DATA FOR ANALYSIS:
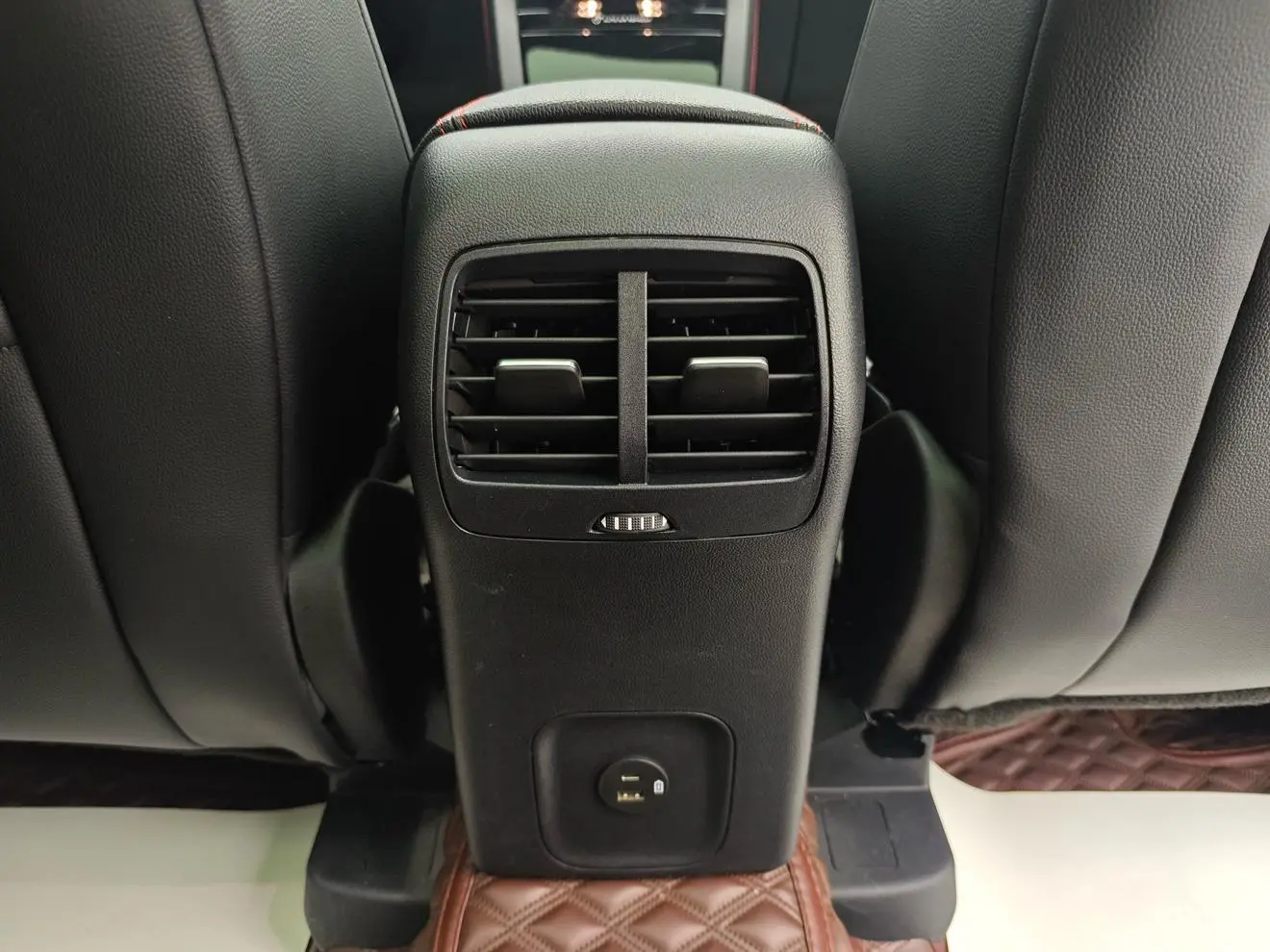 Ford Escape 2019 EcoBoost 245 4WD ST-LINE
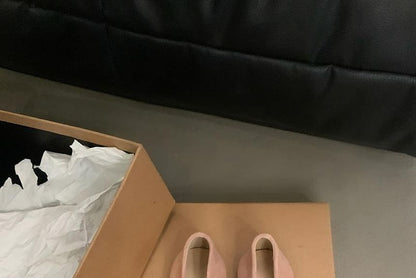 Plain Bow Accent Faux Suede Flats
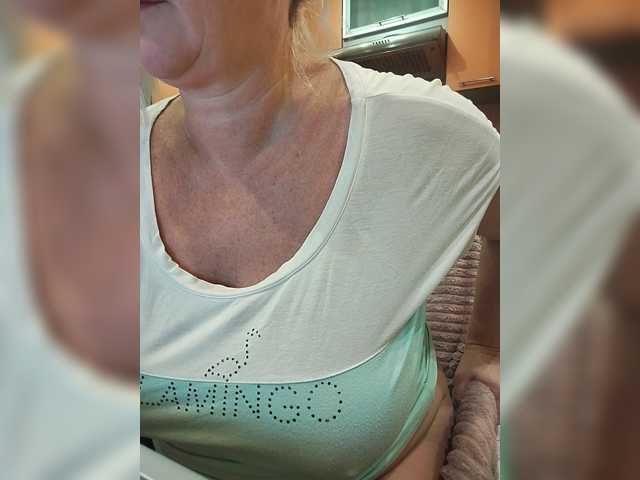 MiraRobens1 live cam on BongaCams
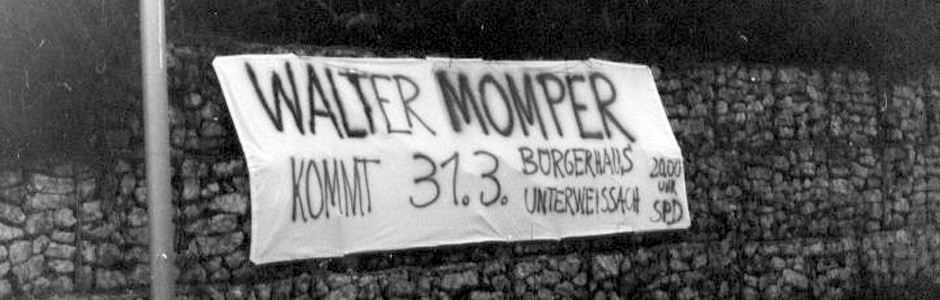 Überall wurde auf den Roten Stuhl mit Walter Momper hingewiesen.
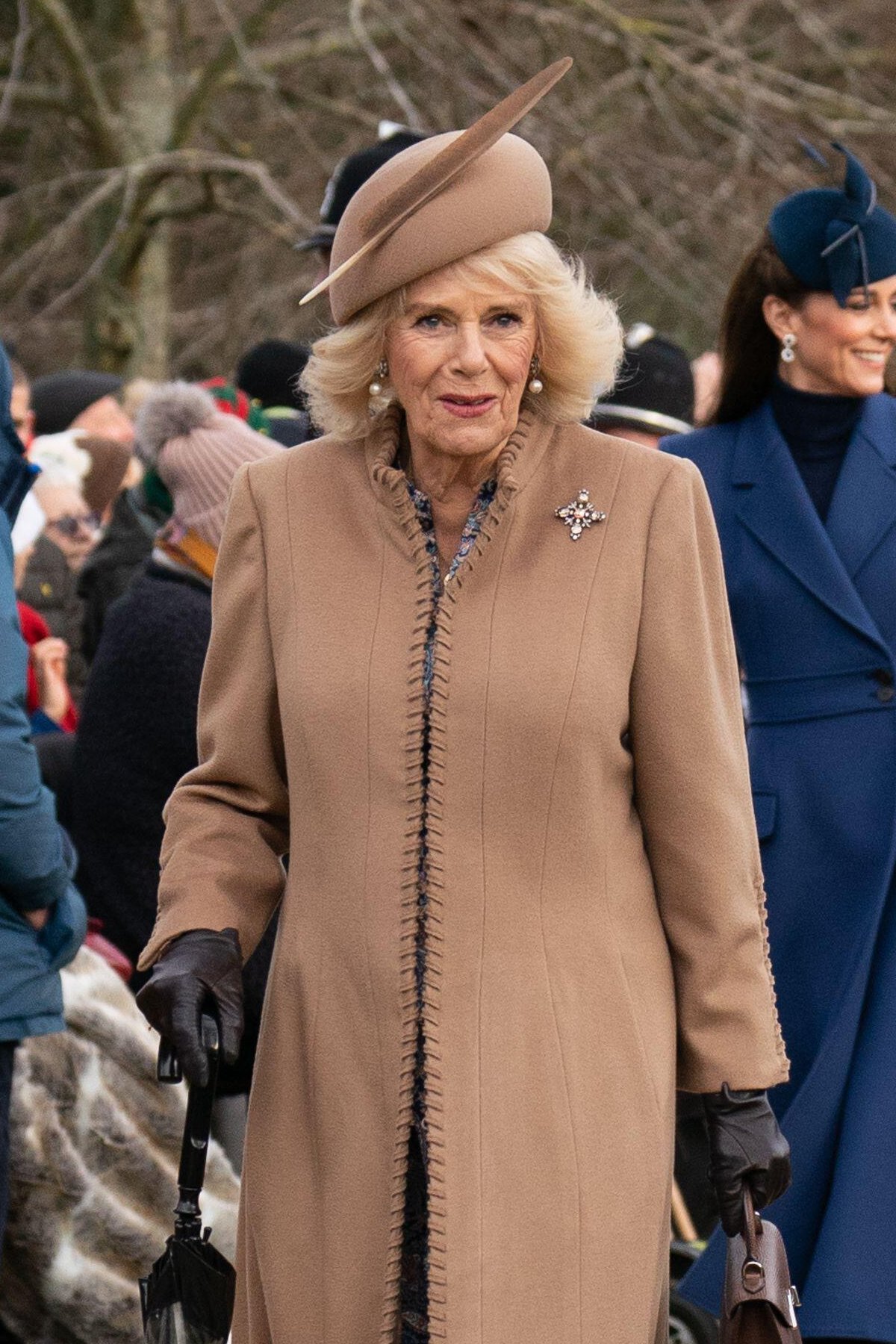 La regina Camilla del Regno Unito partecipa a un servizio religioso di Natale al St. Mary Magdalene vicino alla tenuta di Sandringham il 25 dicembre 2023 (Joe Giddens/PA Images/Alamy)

ASSIGNMENT:
Reproduce the data exactly as it appears above. Pictures are to be left out.

ANSWER FOR THE TASK:
 Ford Escape 2019 EcoBoost 245 4WD ST-LINE
 Plain Bow Accent Faux Suede Flats
 MiraRobens1 live cam on BongaCams
 Überall wurde auf den Roten Stuhl mit Walter Momper hingewiesen.
 La regina Camilla del Regno Unito partecipa a un servizio religioso di Natale al St. Mary Magdalene vicino alla tenuta di Sandringham il 25 dicembre 2023 (Joe Giddens/PA Images/Alamy)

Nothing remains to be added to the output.